Publié le 03 juillet 2007 par Stella

A l’heure où les bicyclettes fleurissent à Paris, je me souviens que dans le Saint-Martin-de Ré de mon enfance, il y avait, rue Baron de Chantal, en montant sur la droite, une boutique extraordinaire où j’aimais beaucoup aller. C’était “chez Salé”, du nom de son propriétaire. Monsieur Salé vendait quelques bicyclettes, des solex, voire des mobylettes, mais surtout, il les réparait. J’y allais très souvent, non parce que j’avais des soucis de cycliste, mais parce que je perdais tout le temps mon antivol. Ou ma pompe. Ou les deux. Bref, j’y allais chaque fois que je pouvais car j’adorais l’odeur de son atelier, un mélange d’essence, de colle et de caoutchouc. Je regardais ses grosses mains pleines de cambouis, ses doigts énormes qui bidouillaient des choses minuscules. Ses mains me semblaient magiques et, lorsque j’ai eu l’âge d’utiliser le solex de ma mère, j’ai pu bénéficier de leur merveilleux savoir-faire. Le solex avait alors plus d’une vingtaine d’années et tombait très souvent en panne. Je persistais à m’en servir car non seulement je rafolais de l’odeur de la solexine, précieux carburant vendu en bidon de feraille que l’on logeait le long de la roue avant mais il me donnait un sentiment de liberté extraordinaire. Je pouvais aller, avec les copains et sans trop me fatiguer, jusque sur les belles plages du bout de l’île de Ré.

Monsieur Salé avait un autre métier, qu’il exerçait en même temps que celui de mécanicien des deux-roues : celui d’horloger. Ses mains énormes semblaient alors se réduire pour saisir les minuscules tournevis et bidouiller avec une incroyable dextérité à l’intérieur des précieux engrenages. Lorsqu’il était dans son atelier d’horlogerie, Monsieur Salé avait horreur qu’on vienne le déranger pour lui acheter des pompes à vélos ou lui porter un malheureux solex en panne. Il mettait donc une petite pancarte sur la porte intérieure de sa boutique : l’atelier est fermé. Inutile d’insister, il restait ferme, l’oeil coincé sur sa loupe.
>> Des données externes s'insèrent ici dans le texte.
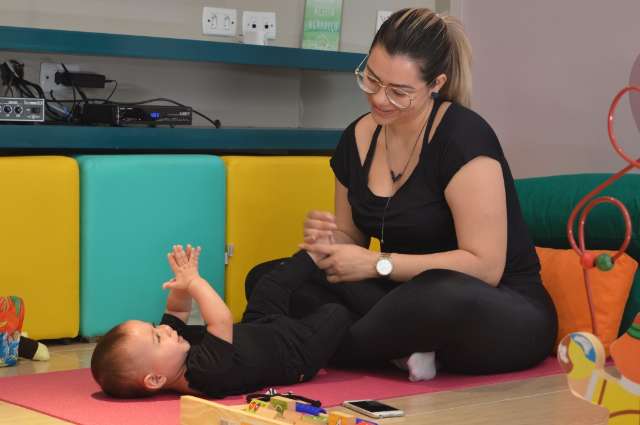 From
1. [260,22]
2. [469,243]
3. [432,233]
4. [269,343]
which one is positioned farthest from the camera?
[260,22]

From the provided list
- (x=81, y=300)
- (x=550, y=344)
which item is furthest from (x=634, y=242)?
(x=81, y=300)

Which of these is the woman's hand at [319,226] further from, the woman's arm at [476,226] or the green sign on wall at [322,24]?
the green sign on wall at [322,24]

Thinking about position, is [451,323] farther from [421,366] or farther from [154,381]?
[154,381]

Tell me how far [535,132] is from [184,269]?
1905 mm

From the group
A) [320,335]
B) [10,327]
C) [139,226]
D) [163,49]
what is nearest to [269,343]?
[320,335]

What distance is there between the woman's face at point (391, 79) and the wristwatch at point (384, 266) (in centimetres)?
33

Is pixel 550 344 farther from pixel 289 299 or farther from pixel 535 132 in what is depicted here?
pixel 535 132

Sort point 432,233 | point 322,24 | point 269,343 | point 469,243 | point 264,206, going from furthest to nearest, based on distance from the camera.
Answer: point 322,24
point 264,206
point 432,233
point 469,243
point 269,343

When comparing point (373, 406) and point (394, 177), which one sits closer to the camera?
point (373, 406)

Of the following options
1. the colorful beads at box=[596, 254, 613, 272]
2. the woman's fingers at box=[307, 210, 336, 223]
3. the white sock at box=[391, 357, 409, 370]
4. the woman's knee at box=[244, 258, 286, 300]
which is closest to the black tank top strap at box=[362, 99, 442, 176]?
the woman's fingers at box=[307, 210, 336, 223]

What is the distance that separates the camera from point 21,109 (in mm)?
3029

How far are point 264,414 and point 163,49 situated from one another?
1.62 meters

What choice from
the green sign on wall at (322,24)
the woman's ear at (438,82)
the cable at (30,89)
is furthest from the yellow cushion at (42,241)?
the green sign on wall at (322,24)

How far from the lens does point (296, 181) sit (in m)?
3.47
Monsieur Salé vendait aussi des montres, ce qui est logique, et des bijoux, ce qui l’est moins. Mais personne d’autre, dans le Saint-Martin de l’époque, ne tenait ce genre d’échoppe, si utile aux amoureux. Imaginez-vous venir acheter une bague de fiançailles ou une alliance dans l’odeur spéciale d’un atelier de réparation de mobylette, vous aurez une idée de l’atmosphère qui régnait dans les lieux. Car même s’il fermait la porte de communication, même s’il y avait une table bien cirée et des napperons en dentelle, les effluves des moteurs et des cycles envahissaient toute la maison.
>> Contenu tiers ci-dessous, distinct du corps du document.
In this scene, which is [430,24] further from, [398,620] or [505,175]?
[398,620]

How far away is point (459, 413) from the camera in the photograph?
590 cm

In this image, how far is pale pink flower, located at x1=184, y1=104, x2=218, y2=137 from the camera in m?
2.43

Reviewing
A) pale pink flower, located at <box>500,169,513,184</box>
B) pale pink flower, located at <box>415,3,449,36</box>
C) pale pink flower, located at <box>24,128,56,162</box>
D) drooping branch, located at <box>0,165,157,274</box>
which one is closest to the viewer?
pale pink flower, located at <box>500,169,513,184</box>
Je ne lui ai jamais connu d’épouse, ni d’enfant. Il était toujours tout seul, au café, sur le port, chez le marchand de journaux. Peut-être était-il veuf ? Aujourd’hui, tout ceci a disparu. Les bicyclettes sont louées par des gens inconnus et les bijoux s’achètent partout. Monsieur Salé est mort, sa maison et sa boutique ont été vendues. A la place, il y a un antiquaire, je crois. Je n’y suis plus jamais retournée. Autant que faire se peut, je préfère ne pas remettre les pieds dans les lieux que j’ai beaucoup fréquentés étant enfant, car les souvenirs remontent et me frappent au coeur, en général assez durement. Je préfère la douceur de la nostalgie et les images, si vivantes, gravées pour toujours dans ma mémoire.